The funny thing about Sastre is that his performance totally collapsed as the sport got cleaner. It's like he won the Tour, decided he was not going to risk it anymore, had one more somewhat decent grand tour in the afterglow, then coasted to retirement.


----------



## den bakker (Nov 13, 2004)

trailrunner68 said:


> The funny thing about Sastre is that his performance totally collapsed as the sport got cleaner. It's like he won the Tour, decided he was not going to risk it anymore, had one more somewhat decent grand tour in the afterglow, then coasted to retirement.


3 GTs in one year with 2 top 10 finishes is coasting? damn I'd hate to be around when you put the hammer down. 
which of his 2 top 3 finishes after is win is not somewhat decent by the way?


----------



## 32and3cross (Feb 28, 2005)

trailrunner68 said:


> The funny thing about Sastre is that his performance totally collapsed as the sport got cleaner. It's like he won the Tour, decided he was not going to risk it anymore, had one more somewhat decent grand tour in the afterglow, then coasted to retirement.



I would hardly say that that year was really all that cleaner, take a look at who won the GTs that year (Menchov Conti and Valverde of those 3 two served suspensions) also that the year Pellizotti had his results in the Giro and the tour voided.

Hard to know what to think.

I always liked Sastre mainly because he was just sort of a no BS guy and great rider.
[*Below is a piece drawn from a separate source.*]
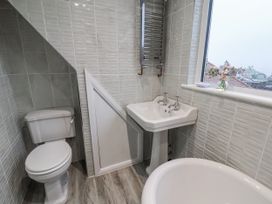 A bathroom with a bathtub, toilet, and sink at Beachcrest in Whitby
I would like to think its possible he was clean, but who knows.


----------



## LostViking (Jul 18, 2008)

trailrunner68 said:


> The funny thing about Sastre is that his performance totally collapsed as the sport got cleaner. It's like he won the Tour, decided he was not going to risk it anymore, had one more somewhat decent grand tour in the afterglow, then coasted to retirement.


Perhaps he just got older and couldn't keep up? :idea:

Sometimes, a cigar is just a cigar.


----------



## Cross_Reference (Nov 27, 2012)

Carlos Sastre is a hero of mine just going by how he speaks - he comes across as a smart, on-the-ball guy who considers his choice of words. The Cervelo Test Team videos where they would interview him periodically alongside other team-mates were a fantastic insight into his mind...


----------



## trailrunner68 (Apr 23, 2011)

den bakker said:


> 3 GTs in one year with 2 top 10 finishes is coasting? damn I'd hate to be around when you put the hammer down.
> which of his 2 top 3 finishes after is win is not somewhat decent by the way?


He was 16th at the Tour in 2009. In 2010 he was 20th. In 2010 Geox was not invited to the Tour but Sastre only managed 30th at the Giro and 20th at the Vuelta. His performance plummeted. He was never a serious contender after the 2009 Giro. 

During this time Vaughters says that the peloton blood values show the sport was cleaning up and largely clean in the 2010. There are statements from several Garmin people this year saying that four years ago they did not think it was possible to win a grand tour clean. They are using that and Ryder's win as a sign of how much the sport has changed since 2008. The implication is that they do not think Sastre won clean.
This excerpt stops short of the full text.